> Task to carry out
Return exactly the lines below, starting with the one that has "SEM specimen mount storage box, reversible" and going on through the one that has "Go-kart Dětská šlapací".

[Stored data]
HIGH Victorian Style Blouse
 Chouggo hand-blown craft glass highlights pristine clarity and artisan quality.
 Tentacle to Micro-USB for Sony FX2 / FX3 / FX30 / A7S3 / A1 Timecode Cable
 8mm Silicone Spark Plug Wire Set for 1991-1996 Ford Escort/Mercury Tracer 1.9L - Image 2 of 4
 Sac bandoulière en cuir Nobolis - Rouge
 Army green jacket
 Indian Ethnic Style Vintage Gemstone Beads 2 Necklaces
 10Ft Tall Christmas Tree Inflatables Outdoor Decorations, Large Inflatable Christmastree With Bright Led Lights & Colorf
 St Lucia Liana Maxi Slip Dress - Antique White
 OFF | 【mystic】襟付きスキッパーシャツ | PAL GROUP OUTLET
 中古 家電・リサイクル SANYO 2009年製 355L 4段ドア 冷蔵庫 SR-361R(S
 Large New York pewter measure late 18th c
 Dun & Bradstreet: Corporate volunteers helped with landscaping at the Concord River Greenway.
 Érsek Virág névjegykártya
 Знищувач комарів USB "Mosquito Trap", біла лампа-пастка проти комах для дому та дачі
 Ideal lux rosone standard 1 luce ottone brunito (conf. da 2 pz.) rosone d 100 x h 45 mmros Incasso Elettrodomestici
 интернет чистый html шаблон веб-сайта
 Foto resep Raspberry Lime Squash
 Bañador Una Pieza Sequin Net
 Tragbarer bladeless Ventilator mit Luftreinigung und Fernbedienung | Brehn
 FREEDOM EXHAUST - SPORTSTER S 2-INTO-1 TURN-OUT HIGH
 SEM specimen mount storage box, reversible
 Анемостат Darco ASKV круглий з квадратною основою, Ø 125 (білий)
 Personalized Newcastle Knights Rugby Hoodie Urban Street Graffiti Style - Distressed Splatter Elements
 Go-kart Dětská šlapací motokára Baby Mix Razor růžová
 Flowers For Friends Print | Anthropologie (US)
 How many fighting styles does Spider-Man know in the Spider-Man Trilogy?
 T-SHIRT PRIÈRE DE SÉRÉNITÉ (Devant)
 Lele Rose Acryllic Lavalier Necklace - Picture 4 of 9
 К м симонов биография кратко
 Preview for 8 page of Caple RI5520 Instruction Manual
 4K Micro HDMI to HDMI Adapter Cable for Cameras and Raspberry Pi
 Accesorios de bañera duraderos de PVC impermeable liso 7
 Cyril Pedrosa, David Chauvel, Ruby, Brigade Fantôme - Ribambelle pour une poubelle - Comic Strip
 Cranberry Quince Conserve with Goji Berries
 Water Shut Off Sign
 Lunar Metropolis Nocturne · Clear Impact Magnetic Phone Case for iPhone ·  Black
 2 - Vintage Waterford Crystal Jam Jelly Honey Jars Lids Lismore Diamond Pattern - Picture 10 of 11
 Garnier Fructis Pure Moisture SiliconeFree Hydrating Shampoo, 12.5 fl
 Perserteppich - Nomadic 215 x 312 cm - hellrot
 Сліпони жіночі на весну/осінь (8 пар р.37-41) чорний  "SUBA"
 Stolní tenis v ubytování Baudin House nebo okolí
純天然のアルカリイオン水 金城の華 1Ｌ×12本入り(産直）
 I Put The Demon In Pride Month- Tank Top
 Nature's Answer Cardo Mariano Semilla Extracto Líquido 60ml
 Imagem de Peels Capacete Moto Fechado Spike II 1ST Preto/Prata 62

> Your response
 SEM specimen mount storage box, reversible
 Анемостат Darco ASKV круглий з квадратною основою, Ø 125 (білий)
 Personalized Newcastle Knights Rugby Hoodie Urban Street Graffiti Style - Distressed Splatter Elements
 Go-kart Dětská šlapací motokára Baby Mix Razor růžová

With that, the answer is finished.